**What you have to do:**
From the line with "Cozy Apartment In" to the final line of the data below, please write out every line exactly, with no pictures.

....................

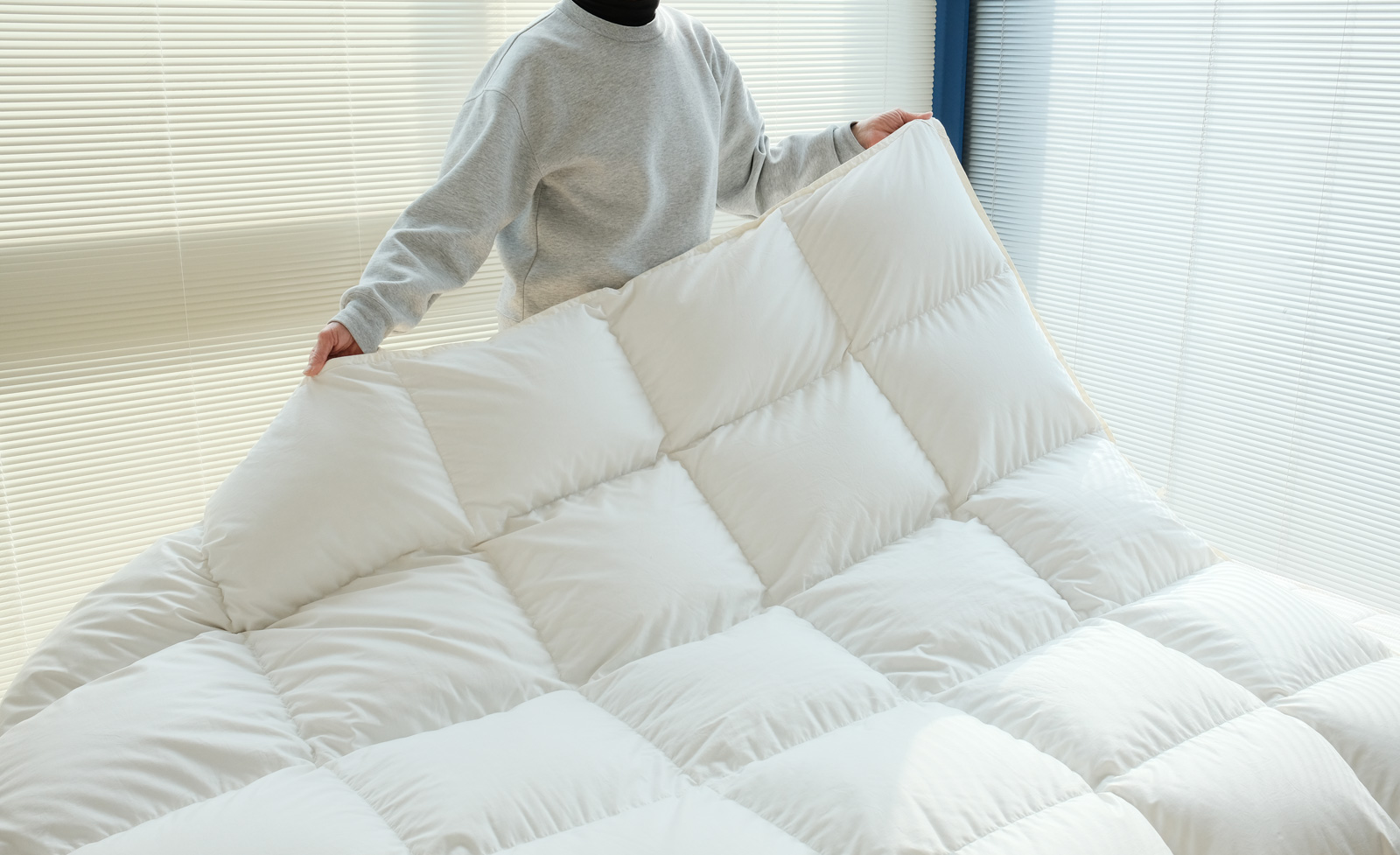 清潔な羽毛布団を広げている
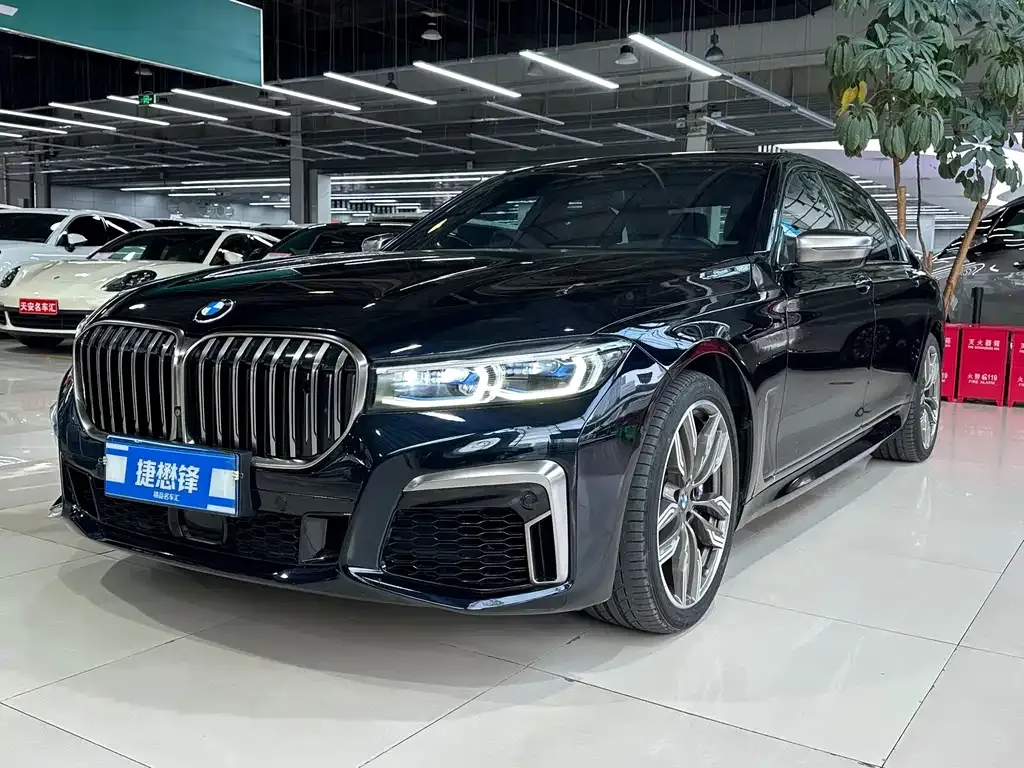 2019 BMW 7 Series M760Li xDrive V12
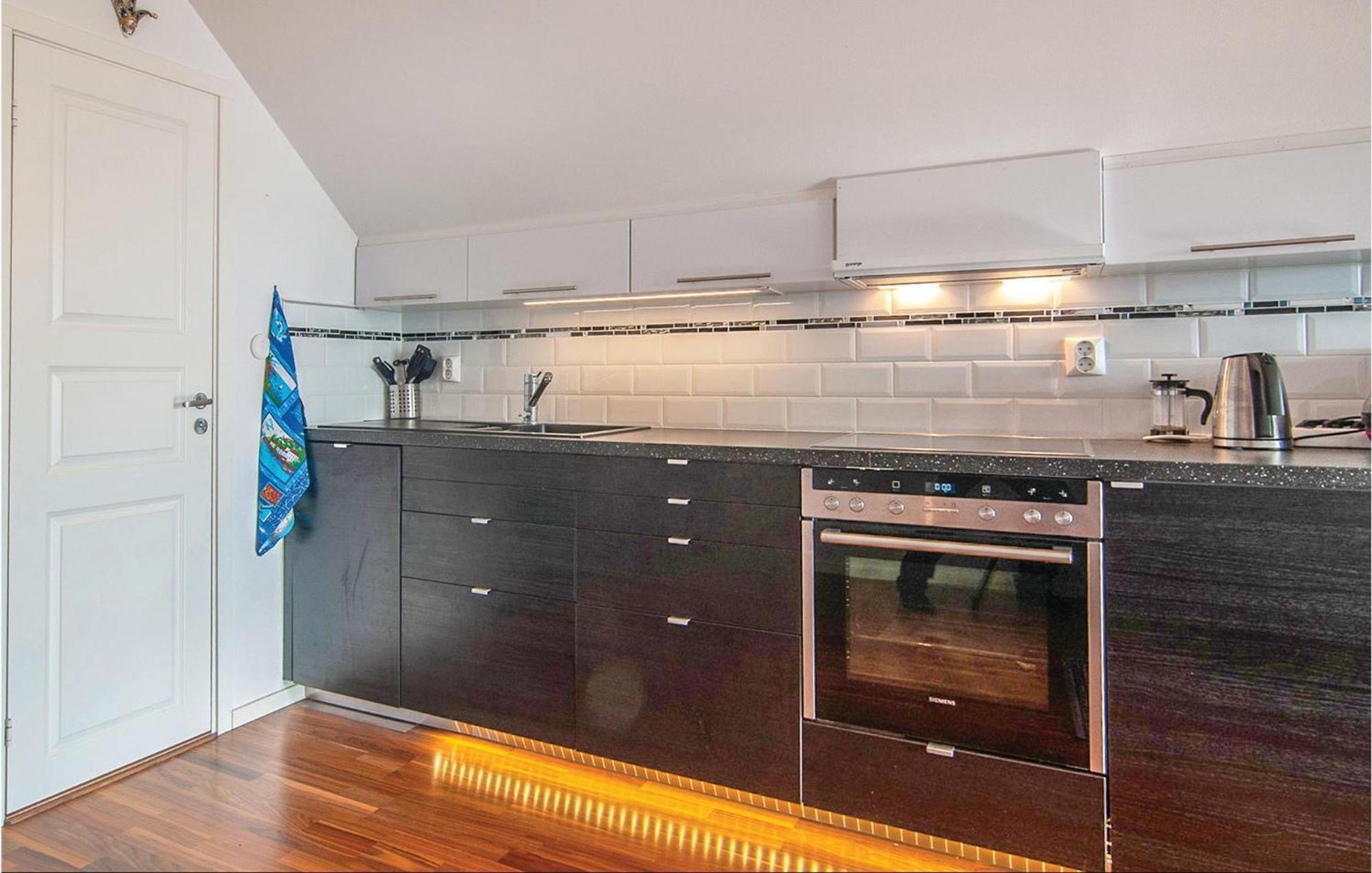 Cozy Apartment In Klintehamn With Wifi Exteriér fotografie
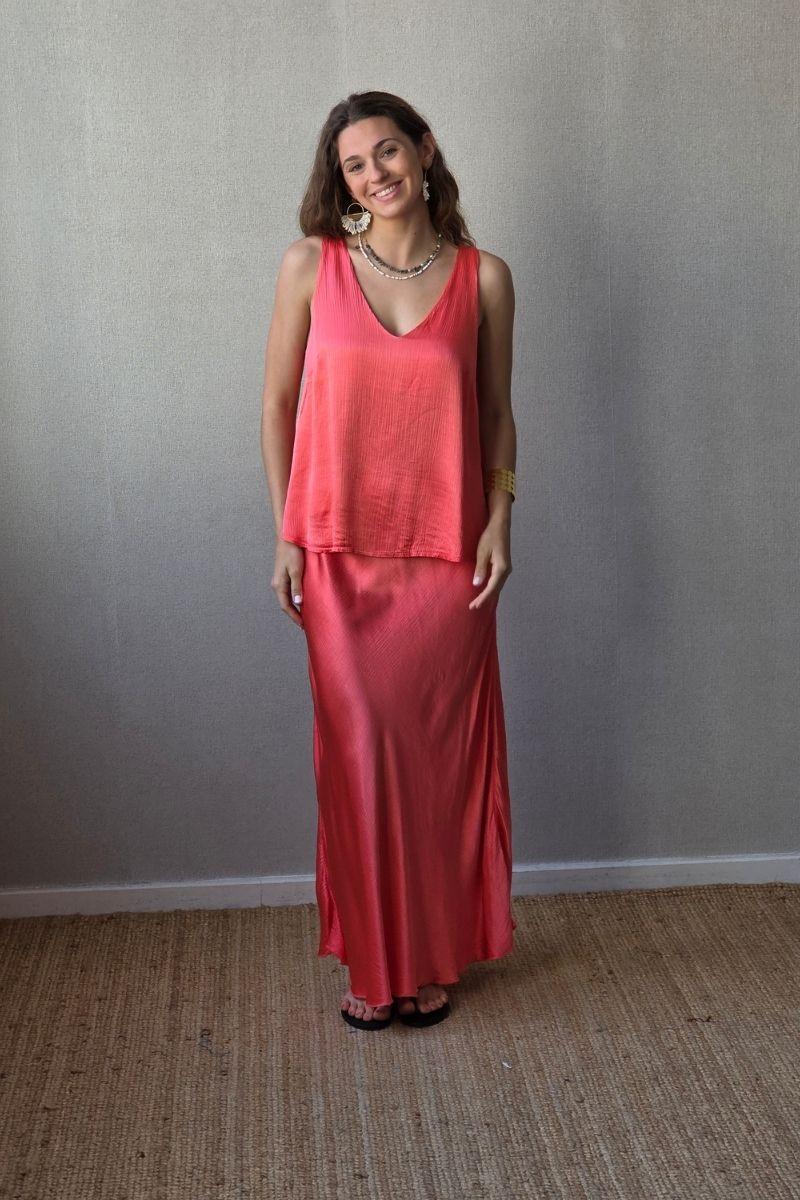 Blusa de tirantes de raso coral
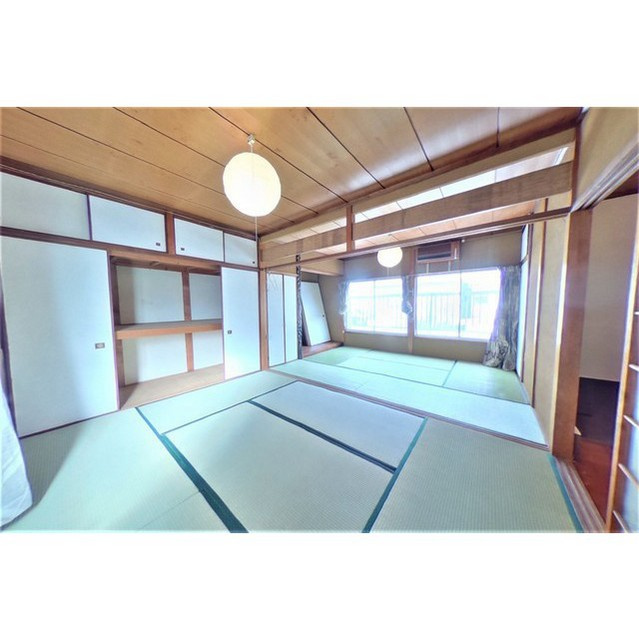 岐阜市鏡島中２丁目の一戸建ての居間・リビング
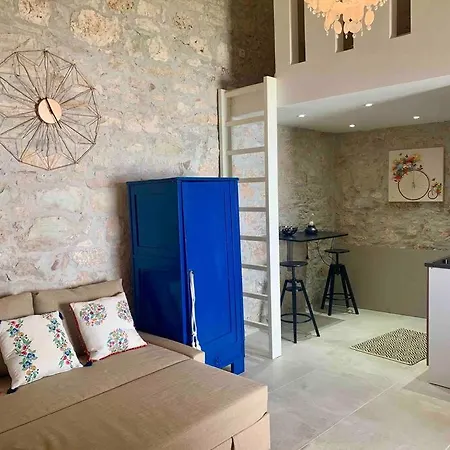 Urlaubsoase Steinhaus Mit Gastehaus Und Pool Ferienhaus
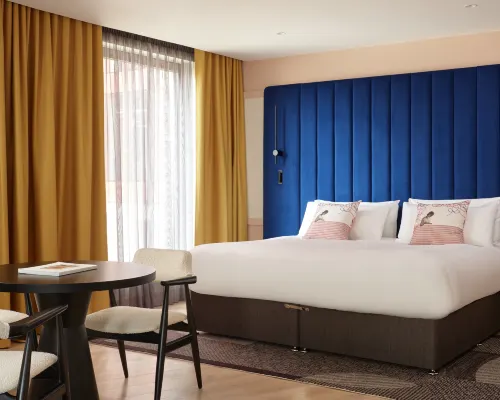 Hotel Indigo Gloucester - The Forum by IHG Hotel di Gloucester
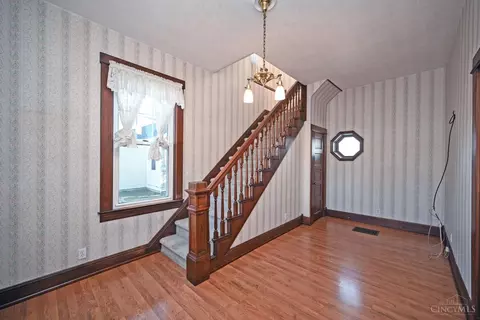 Entry Way - 215 Walnut St, Elmwood Place, OH 45216 photo 2 of 6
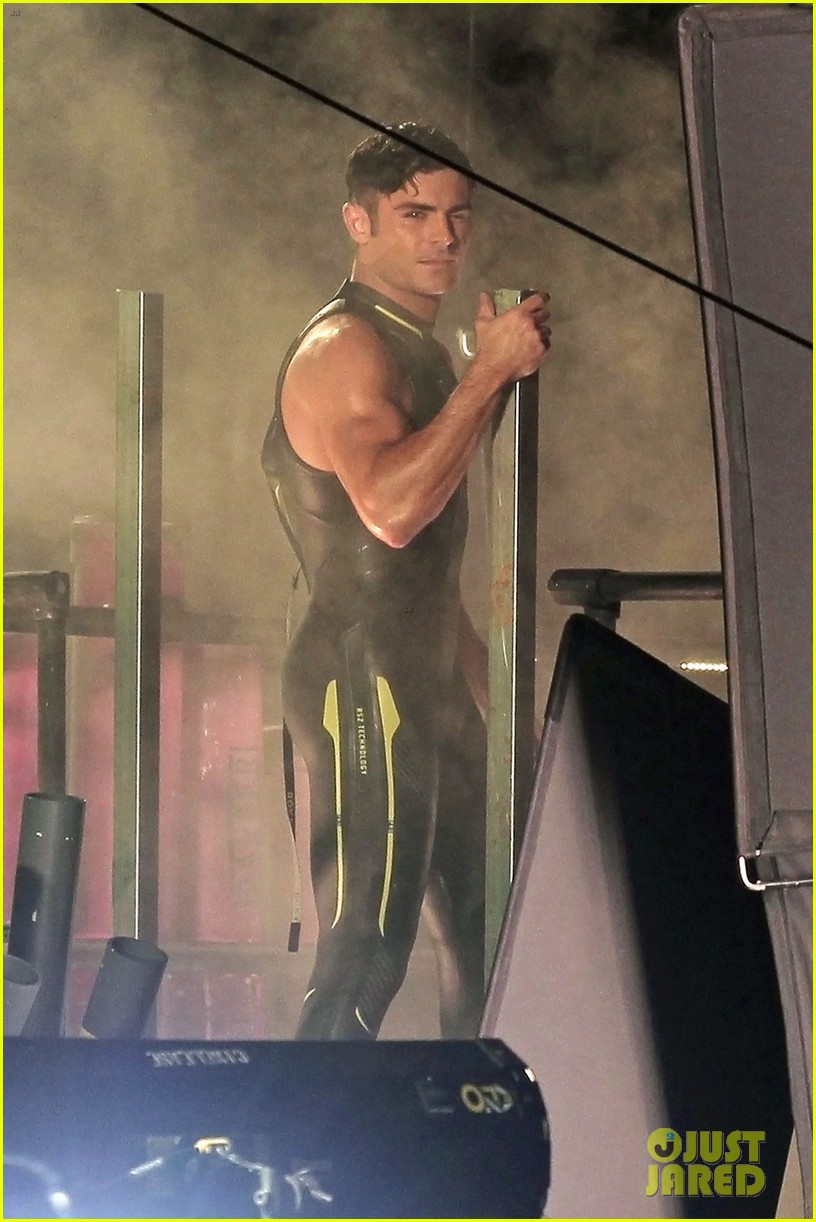 zac efron shows some muscle during baywatch re shoots 01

....................

**Output for this exercise:**
 Cozy Apartment In Klintehamn With Wifi Exteriér fotografie
 Blusa de tirantes de raso coral
 岐阜市鏡島中２丁目の一戸建ての居間・リビング
 Urlaubsoase Steinhaus Mit Gastehaus Und Pool Ferienhaus
 Hotel Indigo Gloucester - The Forum by IHG Hotel di Gloucester
 Entry Way - 215 Walnut St, Elmwood Place, OH 45216 photo 2 of 6
 zac efron shows some muscle during baywatch re shoots 01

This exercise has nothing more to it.